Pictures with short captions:

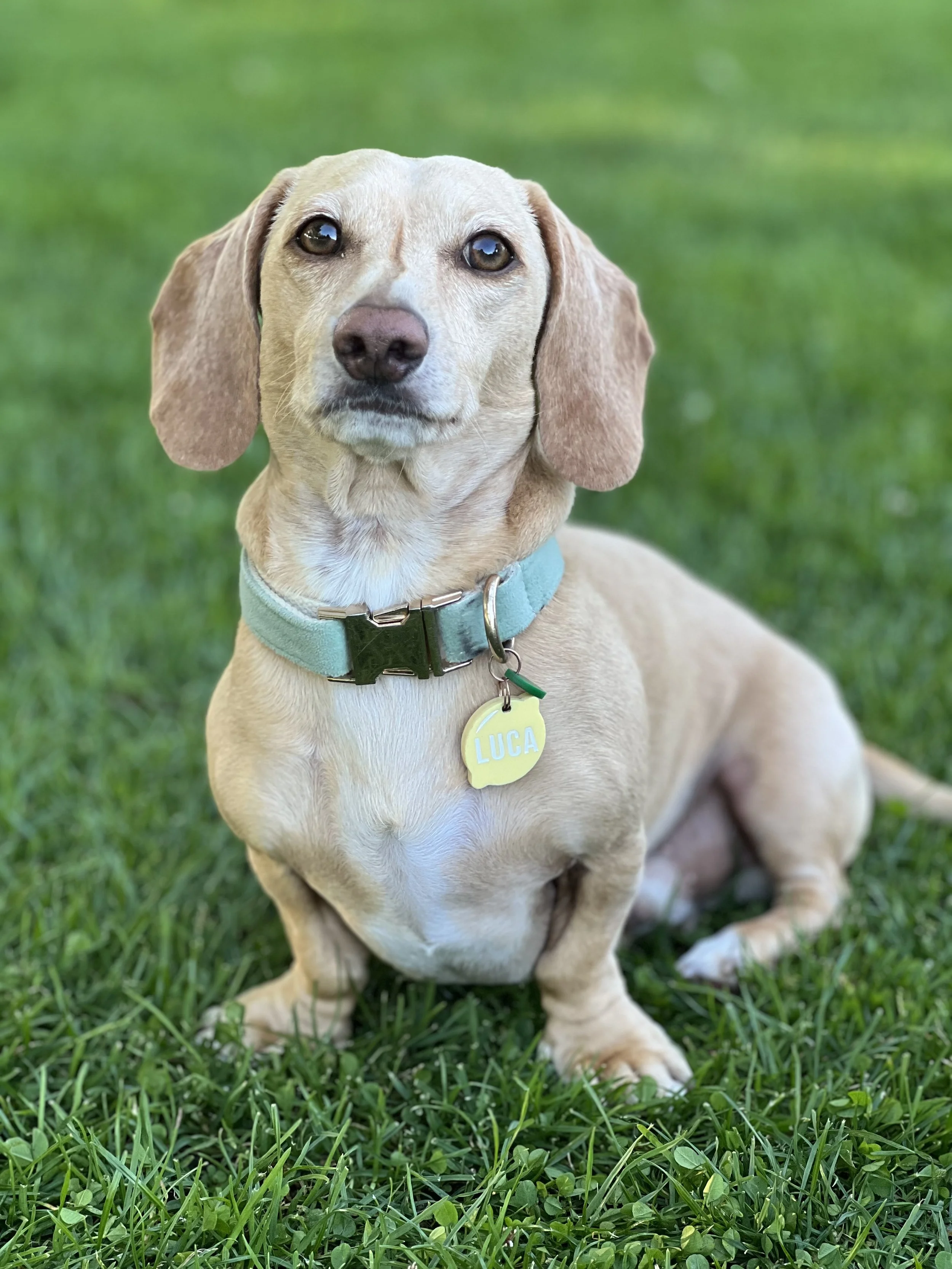 Trauma informed holistic counselling,  Vancouver counsellor , somatic therapist, mindfulness, connection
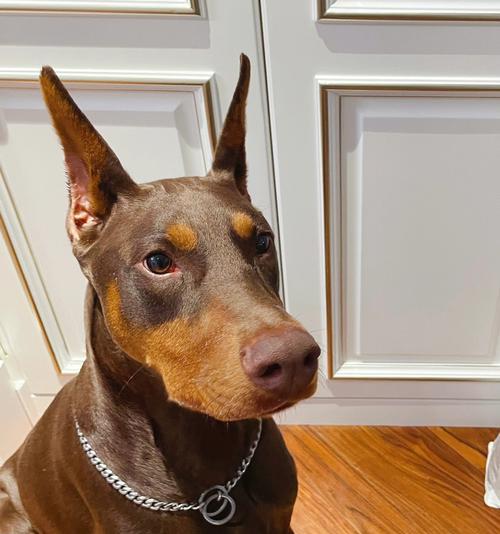 山东代购杜宾犬狗粮怎么样？购买时应注意哪些问题？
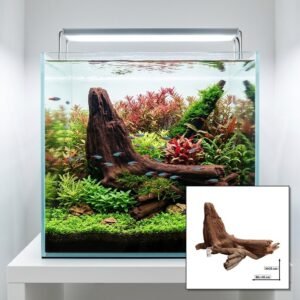 Tuskwood Aquariumrot WYSIWYG Echt bogwood Uniek 45 cm NrT24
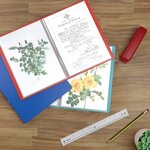 ACROPAQ Porte-Vues A4 - Classeur de présentation Premium rouge au format A4 avec 30 pochettes - En polypropylène durable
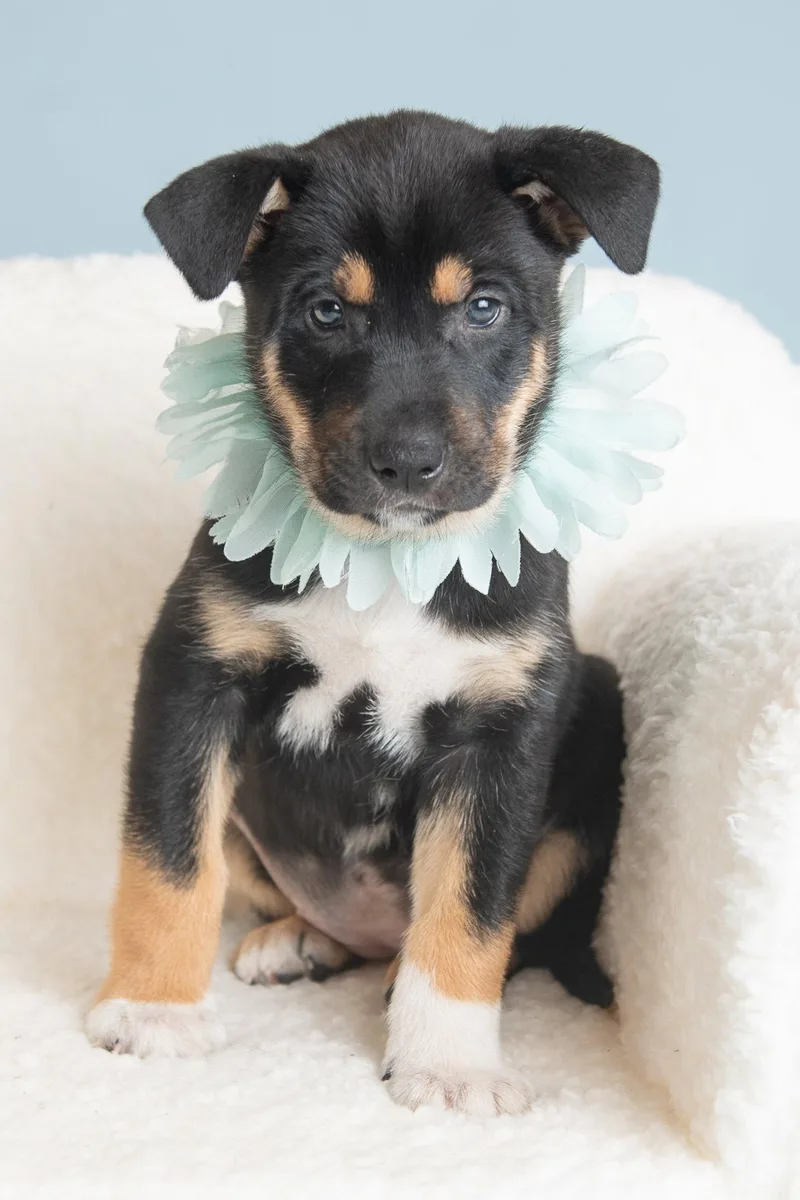 A baby large-sized female German Shepherd Dog dog named Vacay: Suitcase for adoption in Palo Alto, CA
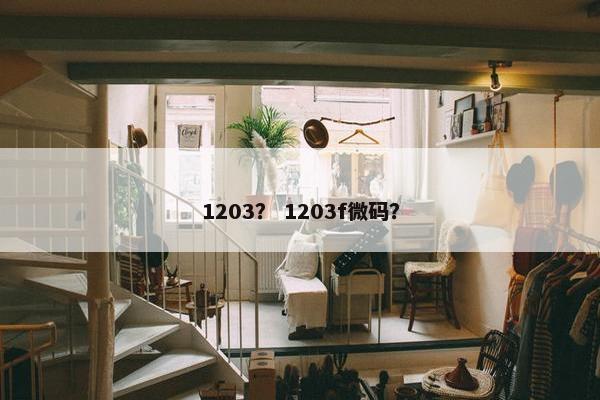 1203？ 1203f微码？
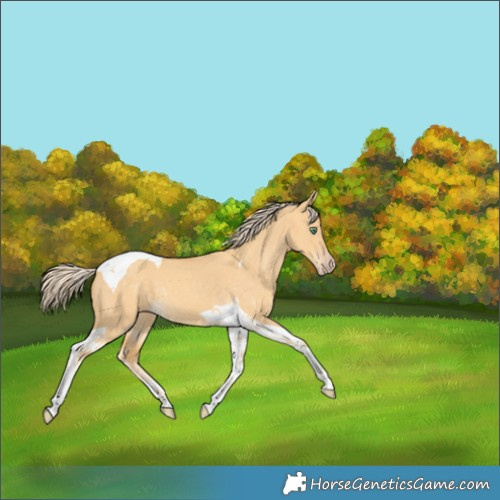 Horse Color:Gold Cream Champagne Dun Tobiano 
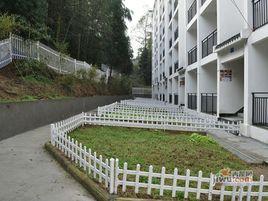 桃都養生谷 桃都養生谷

## PROBLEM DESCRIPTION
Every record above should come back exactly, but without its pictures.

## TASK ANSWER
 Trauma informed holistic counselling,  Vancouver counsellor , somatic therapist, mindfulness, connection
 山东代购杜宾犬狗粮怎么样？购买时应注意哪些问题？
 Tuskwood Aquariumrot WYSIWYG Echt bogwood Uniek 45 cm NrT24
 ACROPAQ Porte-Vues A4 - Classeur de présentation Premium rouge au format A4 avec 30 pochettes - En polypropylène durable
 A baby large-sized female German Shepherd Dog dog named Vacay: Suitcase for adoption in Palo Alto, CA
 1203？ 1203f微码？
 Horse Color:Gold Cream Champagne Dun Tobiano 
 桃都養生谷 桃都養生谷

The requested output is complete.